The brand carries an unusual origin story. A fan of Guns N' Roses, Clédat wanted a name that would travel - a positive English phrase that could resonate in a global job market. He landed on "Welcome to the Jungle," lifted from the band's 1987 anthem. It is the kind of choice that reveals his instinct for branding: memorable, a little irreverent, and built to be said out loud. A decade on, the rock-anthem name fronts a company that talks in the serious language of employer branding, retention and the changing shape of work.

On the record

In 2020, Clédat co-authored 100 idées innovantes pour recruter des talents et les faire grandir with Laetitia Vitaud - a practical field guide to attracting and developing talent, distilling the ideas behind the platform into a book.

The four-day week, put to the test

Clédat is not content to preach better work from the outside. In 2019 Welcome to the Jungle ran a four-day work week trial from June to October. When it ended, the company kept it - permanently, and without cutting salaries. The bet was that a genuine day of decompression would give employees a stronger sense of control over their work and their lives. Clédat has said the extra day proved especially valuable when the pandemic arrived, helping the company handle the shift to hybrid work earlier than most.
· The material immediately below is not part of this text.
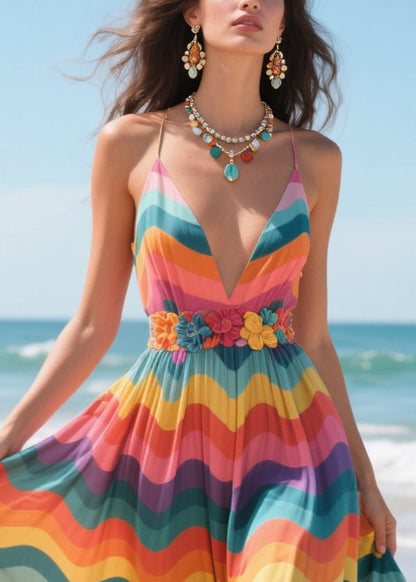 Multicolour Striped Patchwork Lace Vacation Dresses Deep-V Neck Summer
He is clear-eyed about the tensions remote work creates. "Teleworking is intrusive; it highlights differences in lifestyle and travel time," he has noted, arguing that companies need to design flexible offices and watch for career-progression gaps between remote and in-office staff. His skepticism about video-first work is blunt: "Zoom cannot be the work tool of the next 10 years." The future he describes is not a grid of faces but places and experiences worth showing up for.

Growth, in proportion

The funding trajectory tells the growth story in three rounds, capped by the 2023 Series C led with a roster of new backers alongside returning investors. The capital is earmarked for two things: sharpening employer-branding features and localizing the product for the American market.

2015-19
early
Pre-2023
~€29M
Series C
+€50M
Total
~€79M

On closing the round, Clédat struck a characteristically ambitious note: "This third funding round is a triumphant way to end 2022 - we have what it takes to keep revolutionizing the staffing sector." The United States is the obvious test. A French work-culture brand built on transparency now has to prove the idea resonates in a far larger, more crowded market.
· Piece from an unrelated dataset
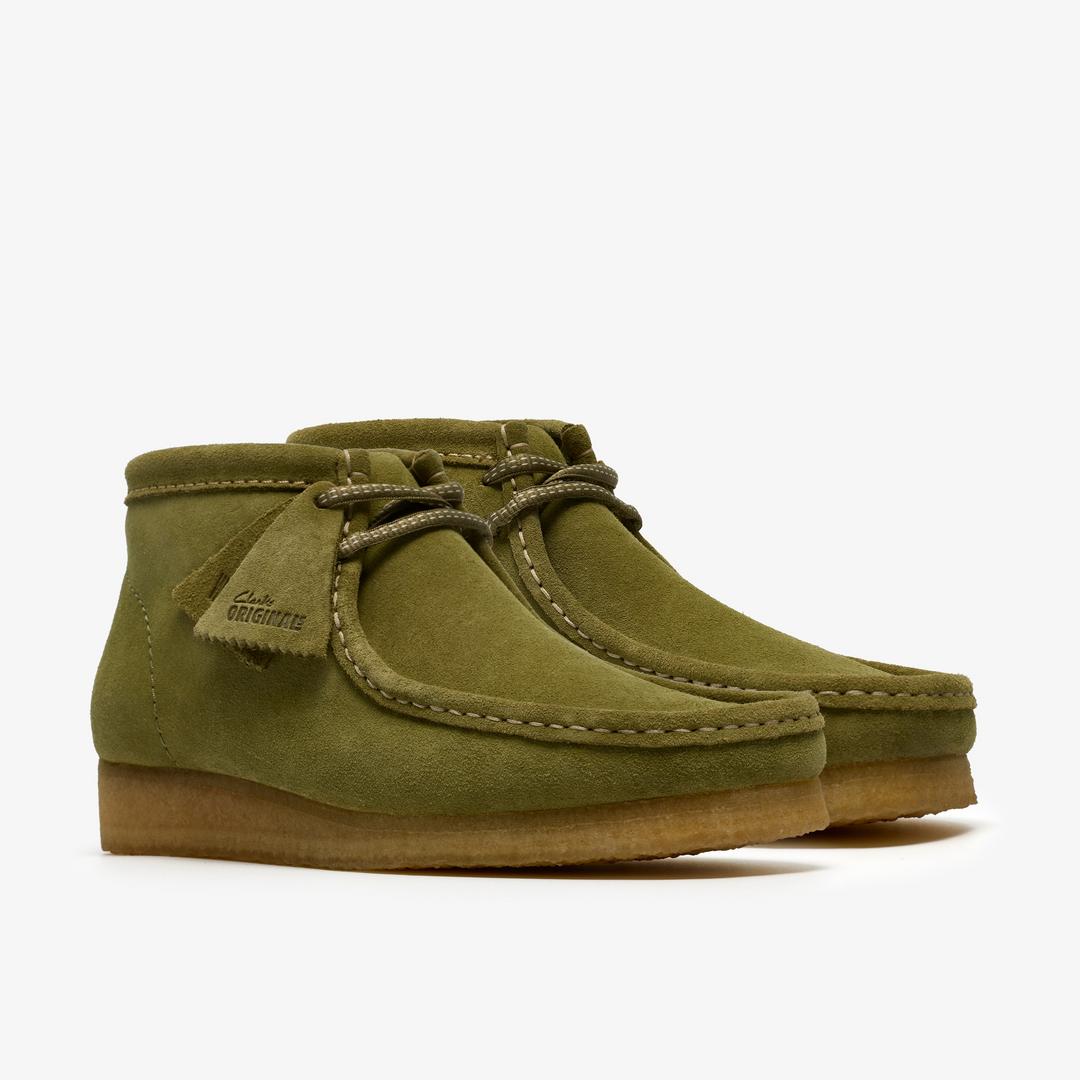 Mens Wallabee Boot Green Suede Wallabees - Image 4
What he is really building

Strip away the funding rounds and the rock-anthem name, and Clédat's project is consistent: make work more human, and make hiring honest. He has spent a decade arguing that companies win talent by showing the truth rather than selling a fantasy, and he has structured his own company - four-day week included - as a working proof of the argument. Whether that translates across the Atlantic is the open question of his next chapter. What is not in doubt is the conviction behind it, forged years ago in an office where the hours were long and the work felt like something that could, and should, be built better.

To stand out from the crowd, you need to show the working environment.
Teleworking is intrusive; it highlights differences in lifestyle and travel time.
Aim to do things ten times better, not ten percent better.